Handwriting dos and don’ts
Handwriting can sometimes be boxed into certain areas, with an emphasis on learning key words and ‘proper’ handwriting. But opening our minds to what constitutes a valuable writing activity is the key to inspiring kids to be motivated to write, and not just for their school assignments. Children should be given opportunities to write for themselves, without pressure – just for the enormous value and sheer joy the activity holds. Get started by following our tips.
- Be positive, supporting and encouraging.
- Be a good role model, and let them ‘catch you writing’! Explain what and why you are writing, even if it’s just a shopping list, a birthday card or a note to the teacher.
- Have a writing space, a table or area dedicated to writing activities.
- Make writing fun!
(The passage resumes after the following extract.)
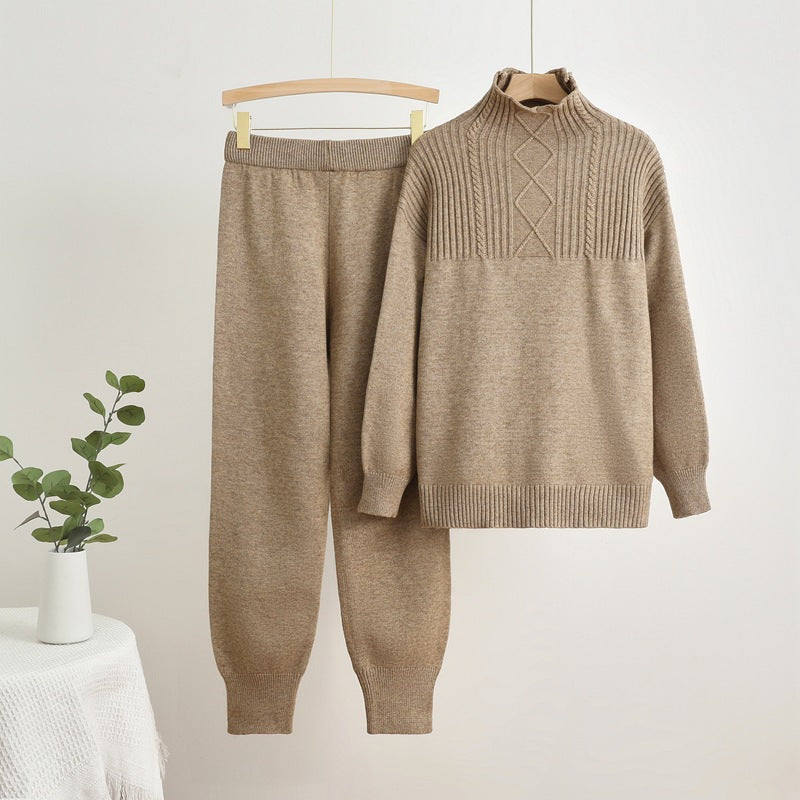 Damen gemütliches Strick-Loungewear-Set mit hohem Kragen und Rippstruktur EB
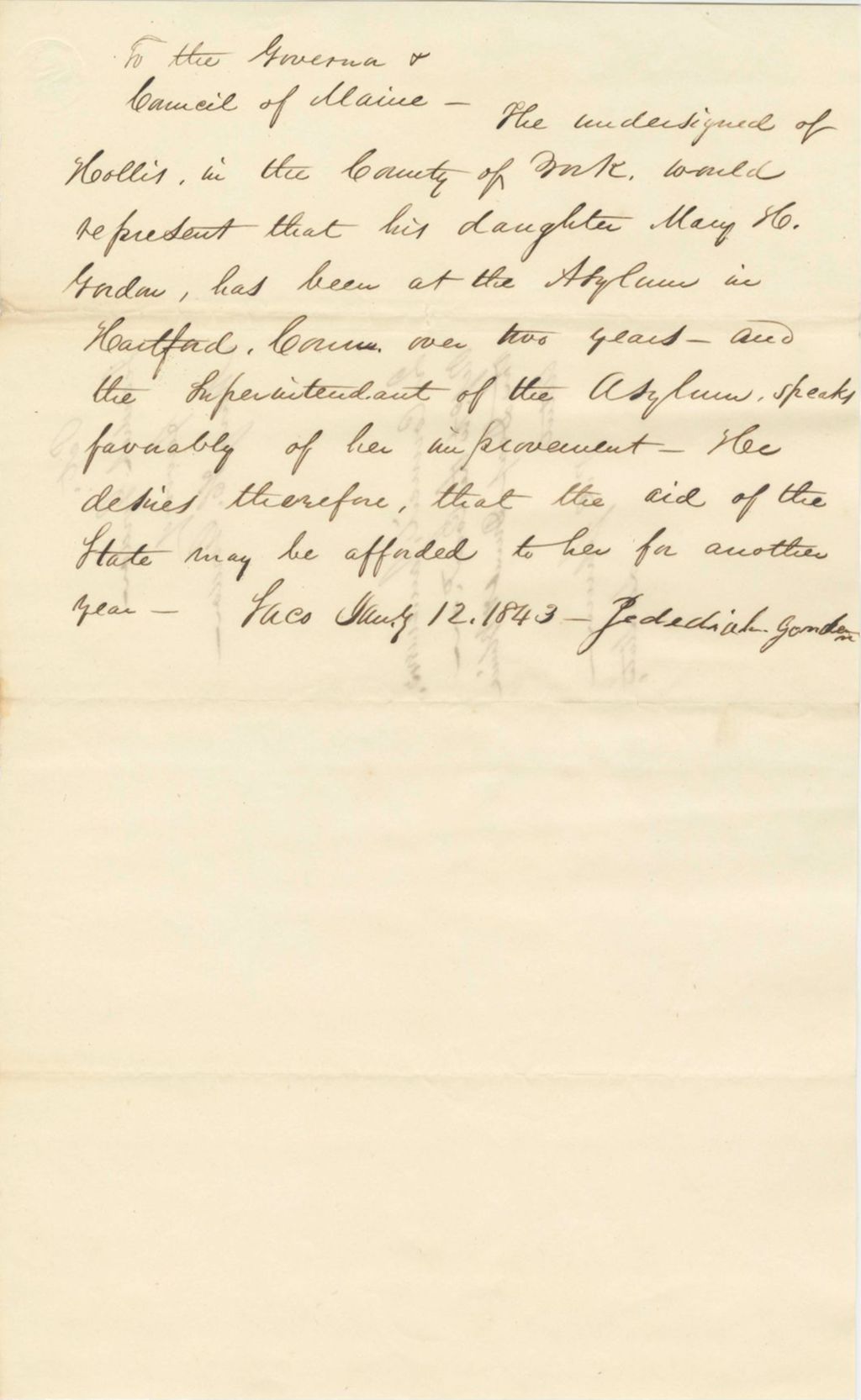 Miniature of Petition of Jedediah Gordon in favor of Mary H. Gordan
Write tongue twisters using alliteration, or funny poems together, taking it in turns to note down what you come up with.
- Let your child work at their own pace, so they’ll build up speed and skill naturally.
- If they bring written work back from school, offer special rewards (stickers, certificates to post on the fridge, etc).
- Pile on the pressure – encourage independent learning by letting your child strengthen their handwriting skill at a pace that suits them.
- Compare against peers – remember all children develop at different times and stages.
- Fret too much over misspellings or poor handwriting – they can’t concentrate on everything at once!
Have a special box for your writing materials, including:
- Pens of all kinds
- Special letter-writing paper
- Child-safe scissors and stapler (needed for making books)
- Pencils – sparkly, coloured, whatever!